Desde que empezaron a soñar en colectividad, a compartir los sueños,
incitados por los contadores de cuentos, dejaron de estar atados a
la noria de la supervivencia, un remolino de quehaceres
embrutecedores, y su vida se volvió sueño, goce, fantasía y un
designio revolucionario: romper aquel confinamiento y cambiar y
mejorar, una lucha para aplacar aquellos deseos y ambiciones que en
ellos azuzaban las vidas figuradas, y la curiosidad por despejar las
incógnitas de que estaba constelado su entorno.
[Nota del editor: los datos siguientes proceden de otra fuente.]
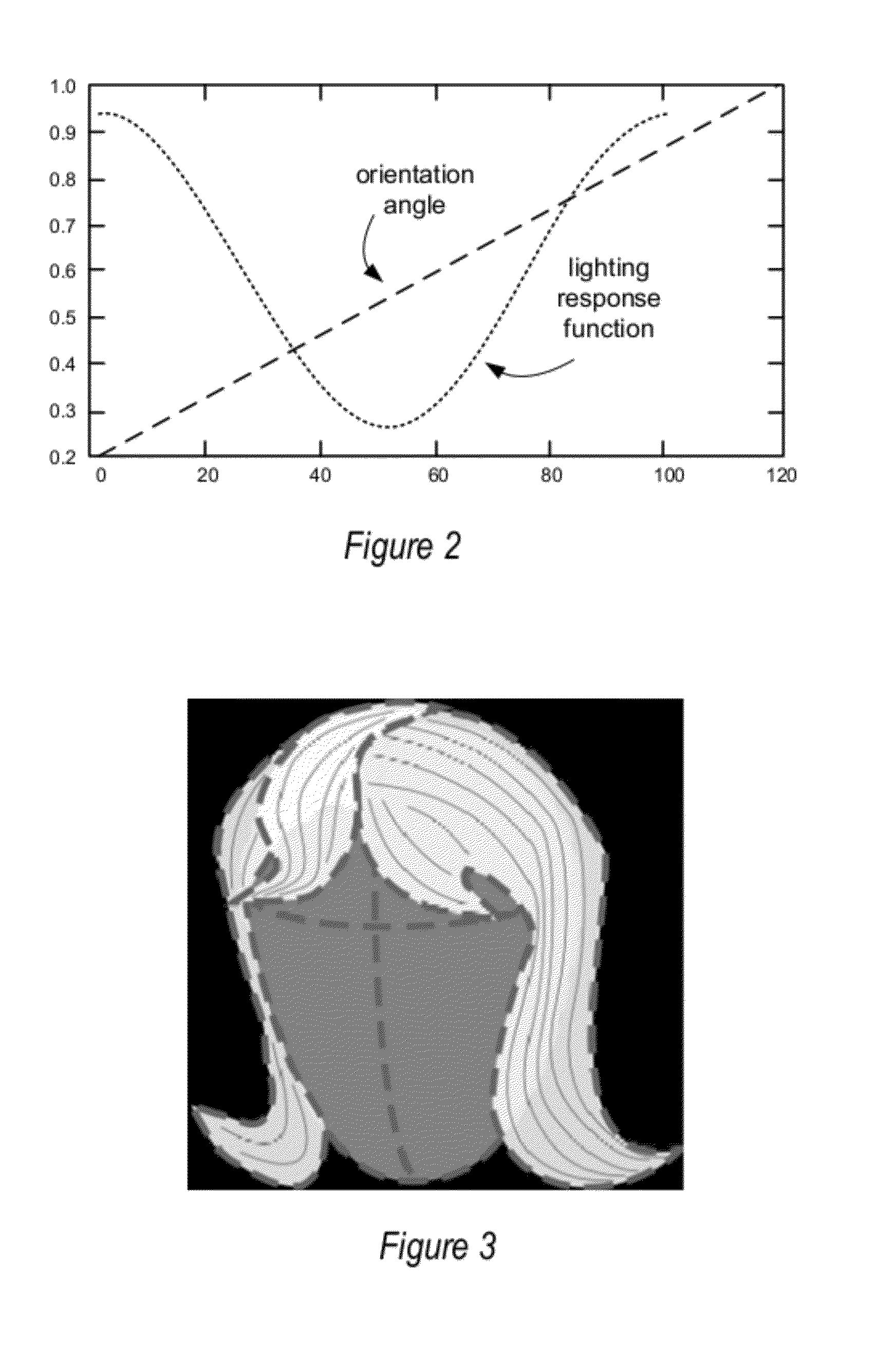 Methods and apparatus for directional texture generation using sample-based texture synthesis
Ese proceso nunca interrumpido se enriqueció cuando nació la
escritura y las historias, además de escucharse, pudieron leerse y
alcanzaron la permanencia que les confiere la literatura. Por eso,
hay que repetirlo sin tregua hasta convencer de ello a las nuevas
generaciones: la ficción es más que un entretenimiento, más que un
ejercicio intelectual que aguza la sensibilidad y despierta el
espíritu crítico. Es una necesidad imprescindible para que la
civilización siga existiendo, renovándose y conservando en nosotros
lo mejor de lo humano. Para que no retrocedamos a la barbarie de la
incomunicación y la vida no se reduzca al pragmatismo de los
especialistas que ven las cosas en profundidad pero ignoran lo que
las rodea, precede y continúa. Para que no pasemos de servirnos de
las máquinas que inventamos a ser sus sirvientes y esclavos. Y
porque un mundo sin literatura sería un mundo sin deseos ni ideales
ni desacatos, un mundo de autómatas privados de lo que hace que el
ser humano sea de veras humano: la capacidad de salir de sí mismo y
mudarse en otro, en otros, modelados con la arcilla de nuestros
sueños.
De la caverna al rascacielos, del garrote a las armas de destrucción
masiva, de la vida tautológica de la tribu a la era de la
globalización, las ficciones de la literatura han multiplicado las
experiencias humanas, impidiendo que hombres y mujeres sucumbamos al
letargo, al ensimismamiento, a la resignación. Nada ha sembrado
tanto la inquietud, removido tanto la imaginación y los deseos, como
esa vida de mentiras que añadimos a la que tenemos gracias a la
literatura para protagonizar las grandes aventuras, las grandes
pasiones, que la vida verdadera nunca nos dará. Las mentiras de la
literatura se vuelven verdades a través de nosotros, los lectores
transformados, contaminados de anhelos y, por culpa de la ficción,
en permanente entredicho con la mediocre realidad. Hechicería que,
al ilusionarnos con tener lo que no tenemos, ser lo que no somos,
acceder a esa imposible existencia donde, como dioses paganos, nos
sentimos terrenales y eternos a la vez, la literatura introduce en
nuestros espíritus la inconformidad y la rebeldía, que están detrás
de todas las hazañas que han contribuido a disminuir la violencia en
las relaciones humanas. A disminuir la violencia, no a acabar con
ella. Porque la nuestra será siempre, por fortuna, una historia
inconclusa. Por eso tenemos que seguir soñando, leyendo y
escribiendo, la más eficaz manera que hayamos encontrado de aliviar
nuestra condición perecedera, de derrotar a la carcoma del tiempo y
de convertir en posible lo imposible.